How to Tie a Horse

Learning how to tie a horse requires skill and safety.Learning how to tie a horse is important because it is one of the most potentially dangerous things you can do, unless you've specifically taught him to give to pressure. Our goal is to learn how tie a horse safely.

Learning how to tie a horse requires skill and safety. Most people assume it’s safe to tie their horses because they’ve never seen them pull back. Or if a horse suddenly pulls back, breaking the tie or fighting against it, the horse owner blames the distraction that got the horse upset. Yet whenever a horse pulls back, it can have significant-possibly even lethal-consequences for the horse and anyone around him.

Learning how to tie a horse is important because it is one of the most potentially dangerous things you can do, unless you’ve specifically taught him to give to pressure.
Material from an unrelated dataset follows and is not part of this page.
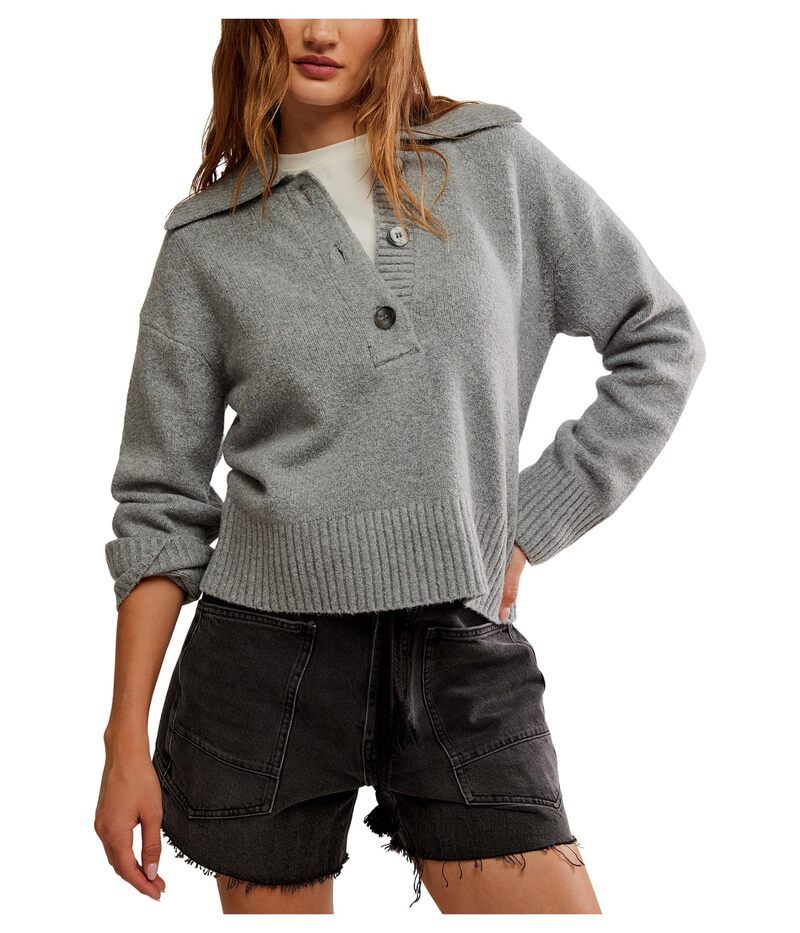 フリーピープル レディース アウター ニット・セーター ポロシャツ Free People Trading Upolo Grey Heather グレー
Our goal is to learn how tie the horse safely.

Importantly, we can’t start the training by tying the horse to a fixed post or a trailer. The risk of the horse pulling back and injuring himself is too great. A post won’t move. And although some people advise letting the horse fight it out, the horse will lose the fight. Even if he’s not permanently injured, he will end up traumatized.

To avoid the problem of tying the horse to something that won’t give, some people tie using a hay string or similar rope that breaks easily. The problem with that is, the horse learns any time he’d rather not stand tied, he has only to raise his head and pull back just hard enough to break the string. So while the horse doesn’t get into a major wreck, he isn’t tied, and he’s been rewarded for using the very behavior we want to eliminate.

Not tying the horse, or teaching him to stand ground-tied, isn’t a total solution either. Sooner or later, someone will assume that the horse stands tied, and they’ll tie him.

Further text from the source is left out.